-- About this exercise --
Transcribe the stretch of entries below from the line with "AUTOart Honda Civic" through the line with "Livro A torre do reno", exactly and with both ends included; leave out all other lines.

-- Data supplied --
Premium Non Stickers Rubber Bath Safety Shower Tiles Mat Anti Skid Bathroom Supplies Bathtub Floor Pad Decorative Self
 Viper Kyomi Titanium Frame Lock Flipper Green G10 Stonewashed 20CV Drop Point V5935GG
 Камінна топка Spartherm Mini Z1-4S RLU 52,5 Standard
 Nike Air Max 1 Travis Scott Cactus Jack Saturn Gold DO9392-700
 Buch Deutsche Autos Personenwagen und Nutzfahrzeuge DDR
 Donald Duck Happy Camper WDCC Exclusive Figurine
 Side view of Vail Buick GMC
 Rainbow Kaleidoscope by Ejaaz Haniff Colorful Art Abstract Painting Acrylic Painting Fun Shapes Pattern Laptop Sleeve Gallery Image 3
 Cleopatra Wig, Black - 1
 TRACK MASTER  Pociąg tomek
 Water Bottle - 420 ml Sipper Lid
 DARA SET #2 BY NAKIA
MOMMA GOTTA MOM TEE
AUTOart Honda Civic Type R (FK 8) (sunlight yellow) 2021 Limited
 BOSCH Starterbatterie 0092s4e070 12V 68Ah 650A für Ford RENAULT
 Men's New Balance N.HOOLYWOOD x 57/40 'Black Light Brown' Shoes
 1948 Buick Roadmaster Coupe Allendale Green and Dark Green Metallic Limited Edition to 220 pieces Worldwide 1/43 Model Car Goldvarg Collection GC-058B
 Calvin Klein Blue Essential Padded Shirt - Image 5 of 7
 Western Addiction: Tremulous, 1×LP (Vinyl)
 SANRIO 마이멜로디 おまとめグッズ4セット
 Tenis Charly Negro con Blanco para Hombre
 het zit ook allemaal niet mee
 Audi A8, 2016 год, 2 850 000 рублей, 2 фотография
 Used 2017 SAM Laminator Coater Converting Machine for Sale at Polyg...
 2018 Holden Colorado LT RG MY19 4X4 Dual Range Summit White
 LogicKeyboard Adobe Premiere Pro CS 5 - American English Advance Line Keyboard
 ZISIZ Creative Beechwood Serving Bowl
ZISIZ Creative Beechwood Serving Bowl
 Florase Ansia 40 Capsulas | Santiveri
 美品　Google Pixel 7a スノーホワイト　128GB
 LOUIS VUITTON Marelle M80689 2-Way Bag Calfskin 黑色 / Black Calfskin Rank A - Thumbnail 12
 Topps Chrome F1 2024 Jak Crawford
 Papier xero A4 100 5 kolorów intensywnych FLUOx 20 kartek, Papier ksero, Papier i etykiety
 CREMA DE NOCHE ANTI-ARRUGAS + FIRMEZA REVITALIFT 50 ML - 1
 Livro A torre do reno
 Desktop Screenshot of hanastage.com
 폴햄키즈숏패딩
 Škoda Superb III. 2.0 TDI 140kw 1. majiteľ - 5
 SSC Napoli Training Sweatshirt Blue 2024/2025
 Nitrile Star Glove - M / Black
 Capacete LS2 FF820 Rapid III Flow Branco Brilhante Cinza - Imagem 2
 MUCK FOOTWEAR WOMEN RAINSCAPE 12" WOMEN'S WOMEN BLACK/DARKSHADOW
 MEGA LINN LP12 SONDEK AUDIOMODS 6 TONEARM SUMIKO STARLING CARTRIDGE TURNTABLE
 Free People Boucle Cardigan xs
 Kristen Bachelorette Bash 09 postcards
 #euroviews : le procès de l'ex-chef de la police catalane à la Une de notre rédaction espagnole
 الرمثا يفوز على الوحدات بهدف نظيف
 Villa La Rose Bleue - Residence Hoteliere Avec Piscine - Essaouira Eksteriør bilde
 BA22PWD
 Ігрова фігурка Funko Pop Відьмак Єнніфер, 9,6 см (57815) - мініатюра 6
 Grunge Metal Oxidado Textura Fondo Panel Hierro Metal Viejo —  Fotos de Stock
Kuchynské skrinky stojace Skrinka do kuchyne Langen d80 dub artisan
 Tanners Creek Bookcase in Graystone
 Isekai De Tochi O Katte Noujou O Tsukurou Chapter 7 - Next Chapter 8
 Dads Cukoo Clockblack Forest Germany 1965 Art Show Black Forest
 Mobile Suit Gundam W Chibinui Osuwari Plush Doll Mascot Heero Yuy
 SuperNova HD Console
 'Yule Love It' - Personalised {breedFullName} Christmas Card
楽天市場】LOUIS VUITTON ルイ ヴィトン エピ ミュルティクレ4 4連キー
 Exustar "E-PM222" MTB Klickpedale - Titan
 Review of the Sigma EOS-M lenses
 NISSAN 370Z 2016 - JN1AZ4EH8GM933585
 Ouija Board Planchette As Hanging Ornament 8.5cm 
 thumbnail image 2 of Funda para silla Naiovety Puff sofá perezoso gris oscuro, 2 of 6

-- Reply --
AUTOart Honda Civic Type R (FK 8) (sunlight yellow) 2021 Limited
 BOSCH Starterbatterie 0092s4e070 12V 68Ah 650A für Ford RENAULT
 Men's New Balance N.HOOLYWOOD x 57/40 'Black Light Brown' Shoes
 1948 Buick Roadmaster Coupe Allendale Green and Dark Green Metallic Limited Edition to 220 pieces Worldwide 1/43 Model Car Goldvarg Collection GC-058B
 Calvin Klein Blue Essential Padded Shirt - Image 5 of 7
 Western Addiction: Tremulous, 1×LP (Vinyl)
 SANRIO 마이멜로디 おまとめグッズ4セット
 Tenis Charly Negro con Blanco para Hombre
 het zit ook allemaal niet mee
 Audi A8, 2016 год, 2 850 000 рублей, 2 фотография
 Used 2017 SAM Laminator Coater Converting Machine for Sale at Polyg...
 2018 Holden Colorado LT RG MY19 4X4 Dual Range Summit White
 LogicKeyboard Adobe Premiere Pro CS 5 - American English Advance Line Keyboard
 ZISIZ Creative Beechwood Serving Bowl
ZISIZ Creative Beechwood Serving Bowl
 Florase Ansia 40 Capsulas | Santiveri
 美品　Google Pixel 7a スノーホワイト　128GB
 LOUIS VUITTON Marelle M80689 2-Way Bag Calfskin 黑色 / Black Calfskin Rank A - Thumbnail 12
 Topps Chrome F1 2024 Jak Crawford
 Papier xero A4 100 5 kolorów intensywnych FLUOx 20 kartek, Papier ksero, Papier i etykiety
 CREMA DE NOCHE ANTI-ARRUGAS + FIRMEZA REVITALIFT 50 ML - 1
 Livro A torre do reno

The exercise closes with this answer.